Chauffeur de taxi, Jimmy conduit sa Nissan Bluebird dans la nuit anglaise. On ne voit que sa nuque, les passagers se racontent, et il parle aussi. Il roule, avance jusqu’au lieu d’un accident tragique, survenu cinq ans plus tôt. Terrible anniversaire aujourd’hui : il va retrouver Clare, il ne l’a pas vue depuis le jour fatal, la disparition de leur enfant. Il quitte la taule du véhicule, il se tient debout, il est face à elle. Et face enfin à lui-même. Le drame se joue sur la route, non-lieu, entre des individus qui cherchent réparation, les mots pour panser la blessure, et retrouvent peut-être l’amour.
Parmi les premières pièces du dramaturge anglais Simon Stephens, Bluebird, écrite en 1998, dresse les portraits d’individus brisés. Ici, deux parcours blessés, deux pardons improbables. Mais l’incandescence de l’espoir des retrouvailles illumine l’oeuvre de l’auteur qui adaptait pour Patrice Chéreau Je suis le vent en 2011. Réalisatrice de cinéma, Caméra d’or en 1986 pour Noir et Blanc, auteure de Chimère ; Max et Jérémie ; Les Marins perdus ou encore Rapace pour la télévision, Claire Devers dirige cinq comédiens de théâtre dans sa première mise en scène.
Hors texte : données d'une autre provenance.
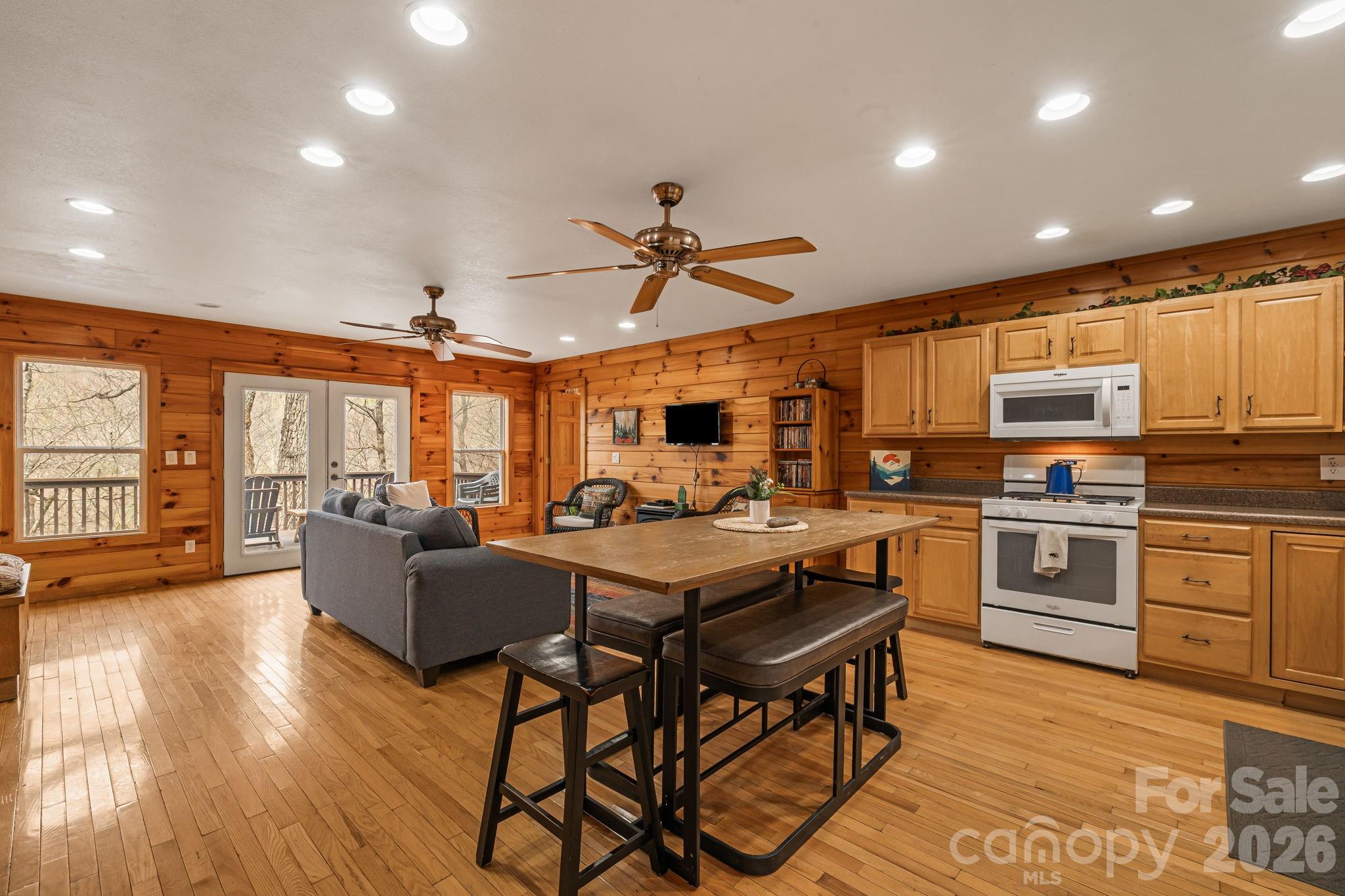 157 Crosspatch Lane Bryson City, NC 28713 - Photo 10 of 38 a kitchen with a table chairs stove and cabinets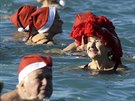 People swim during the traditional Christmas bath in the Mediterranean sea at...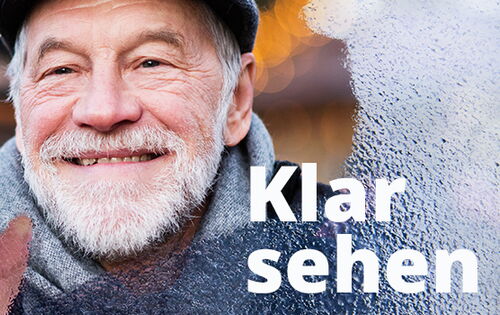 Ein älterer Mann mit grauem Bart und Mütze blickt lächelnd durch eine beschlagene Glasscheibe. Die rechte Hand wischt das Glas frei. Rechts unten steht in weißer Schrift „Klar sehen“.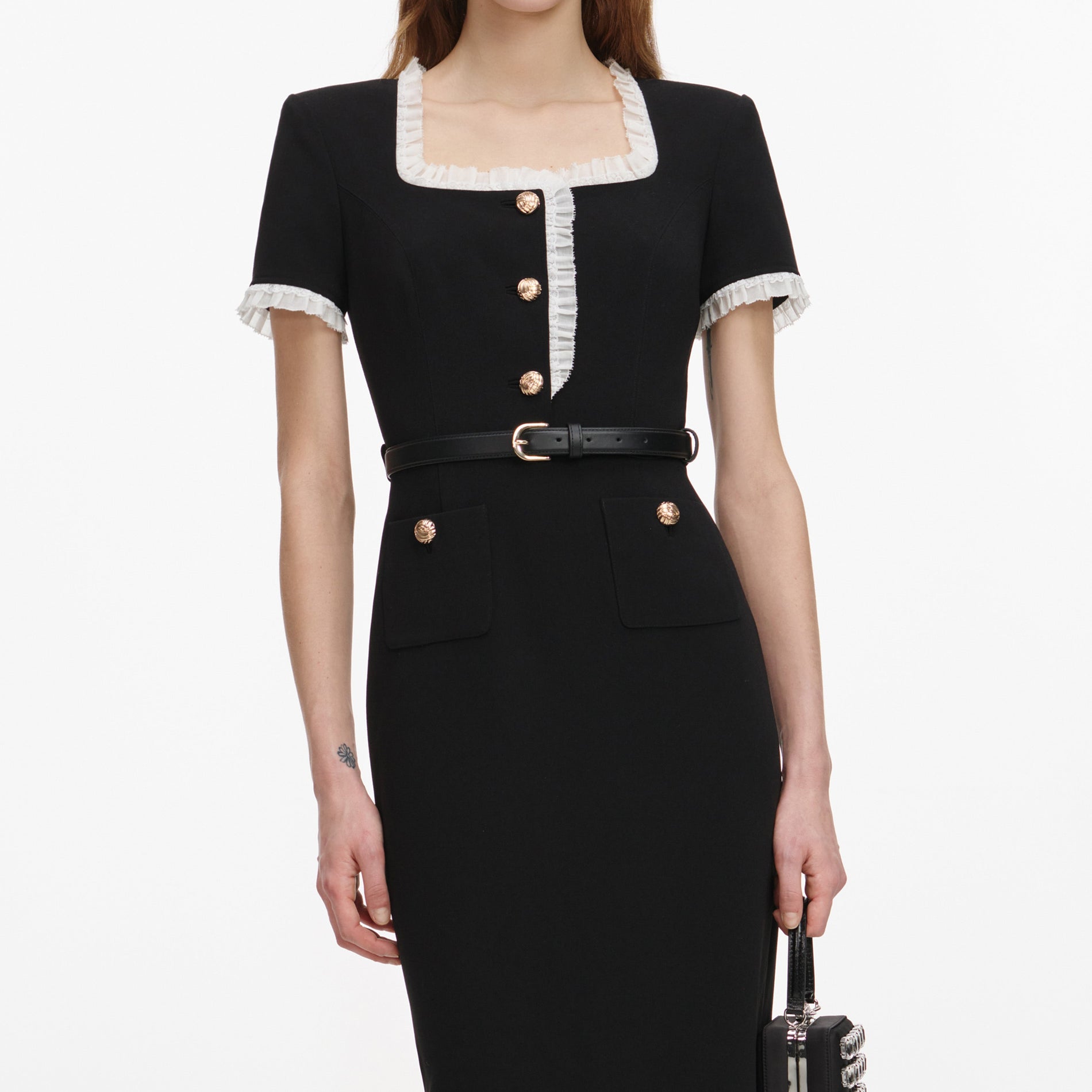 A close up of a woman wearing the Black Crepe Contrast Frill Midi Dress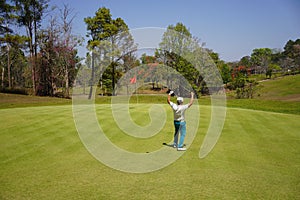 Golfer action happiness winner with long putting golf ball straight to hole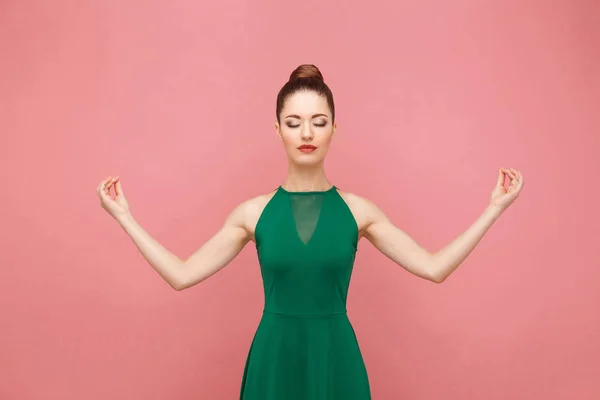 Beautiful Woman Collected Hair Green Dress Keeping Eyes Closed Holding — Stock Photo, Image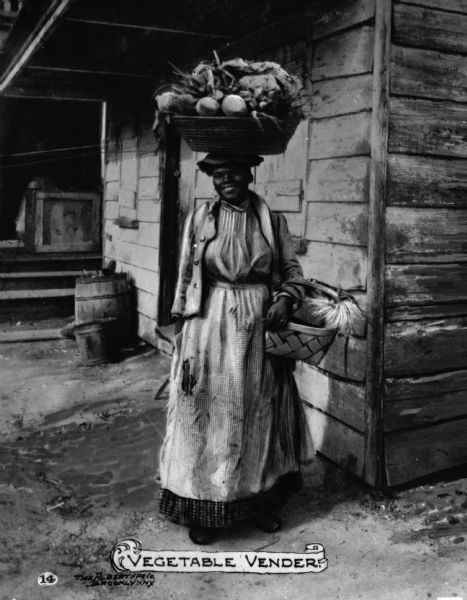 African American vegetable vendor with a large basket of vegetables balanced on her head and another in the crook of her arm. Text on photograph reads "Vegetable Vendor."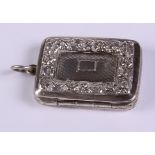 A Georgian silver vinaigrette with engine turned and embossed decoration, pierced grill and gilt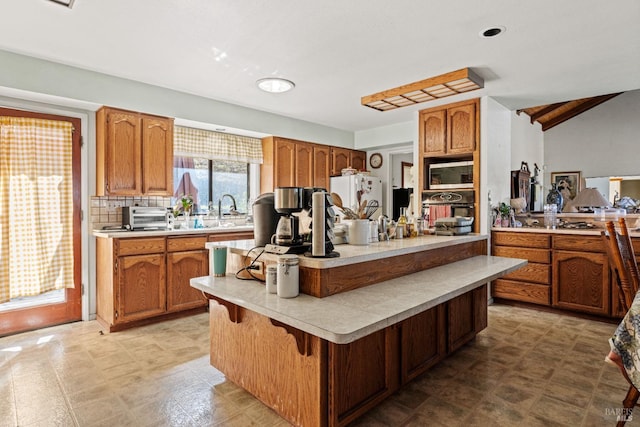 kitchen featuring freestanding refrigerator, a sink, light countertops, stainless steel microwave, and brown cabinets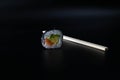 Close-up of a piece of philadelphia sushi with chopsticks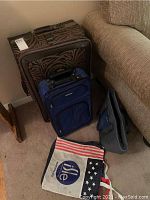 Full view of two suitcases and three soft tote bags arranged on carpet near couch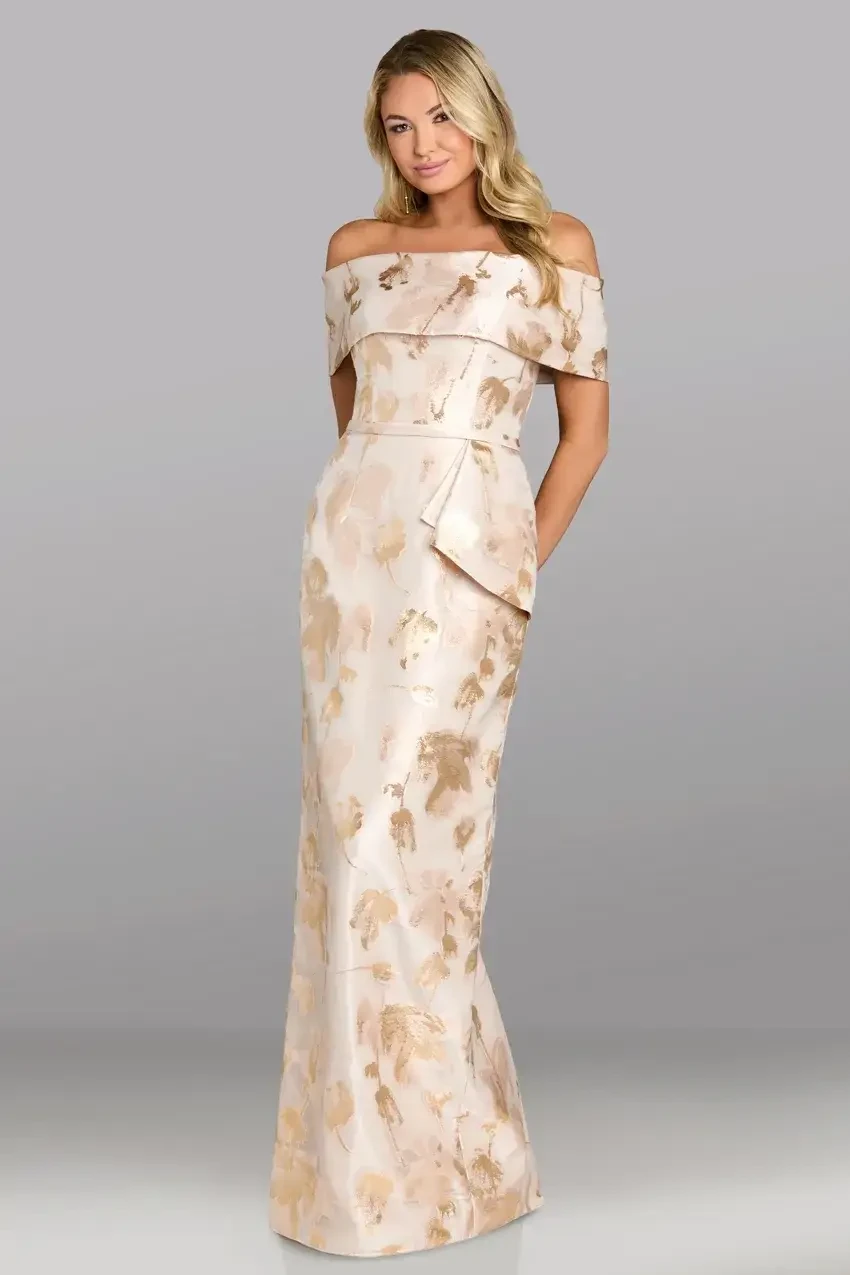 A woman wearing a form-fitting, off-the-shoulder gown with a floral pattern and a side pocket, standing against a gray background.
Jimmy, en quittant son taxi, redevient un homme et affronte Clare. Il n’implore pas, il ne demande rien, il ne réclame aucun pardon de n’avoir pas été là. Il veut juste lui faire un don, une offrande pathétique et déchirante. La pièce raconte cet instant à l’intersection de leur chemin.
« Claire Devers utilise brillamment son savoir-faire de cinéaste pour sa première mise en scène au théâtre. (...) Philippe Torreton lui donne sa silhouette, sa sensibilité. Il est plus vrai que nature (...)» Mathieu Perez, Le Canard enchaîné, 14 février 2018
« Une pièce bouleversante, menée par deux comédiens épatants. » Yves Derai, Le Parisien, 10 février 2018
Construites autour d’un vide, une absence, une mort, les histoires de Stephens sont cruelles, violentes et nous confrontent à l’impuissance des mots et au désarroi qui nous submerge. Mais son théâtre nous dit aussi qu’il ne faut rien concéder au silence. En refusant de se taire, c’est le chaos du monde – qu’il soit politique ou émotionnel – qu’il combat. Son théâtre nous laisse profondément vivant.
Porter Bluebird à la scène relève du défi car tout est censé se passer dans un taxi. Comment restituer une parole dans l’habitacle d’un taxi sans en subir l’enfermement. Comment laisser l’acteur au centre d’un projet théâtral sans l’obstruer par de la tôle. Et enfin, comment faire exister ce taxi et son errance. Comme souvent le texte contient la solution.
Jimmy est à lui seul l’homme qui conduit et le véhicule qui est conduit. Ils ne font qu’un. L’irruption brutale de la Nissan Bluebird, quand Jimmy et Clare se feront face, exacerbera alors le caractère tragique de leur confrontation. À cet instant, Jimmy n’est plus « taxi », il est redevenu un homme. L’histoire de Jimmy, c’est aussi le trajet d’une expiation. À la fin, il reste seul, au volant de la Nissan Bluebird. De lui, j’aimerais qu’on ne voie plus qu’une nuque comme n’importe quel chauffeur de taxi, nous transformant en n’importe quel client. Et pourtant, une tendresse nous saisit, et nous laisse entrevoir la promesse d’une survie possible pour Jimmy. Car Jimmy nous l’a dit : il est heureux ainsi.
L’humanité du théâtre de Stephens fut la porte d’entrée pour concrétiser un désir puissant, un projet têtu et obsédant : venir au théâtre. Et la densité du personnage de Jimmy dans Bluebird a emporté ma conviction que c’était ce théâtre-là que je recherchais. Un théâtre contemporain, moderne, mais qui revendique toujours et encore la nécessité de raconter des histoires.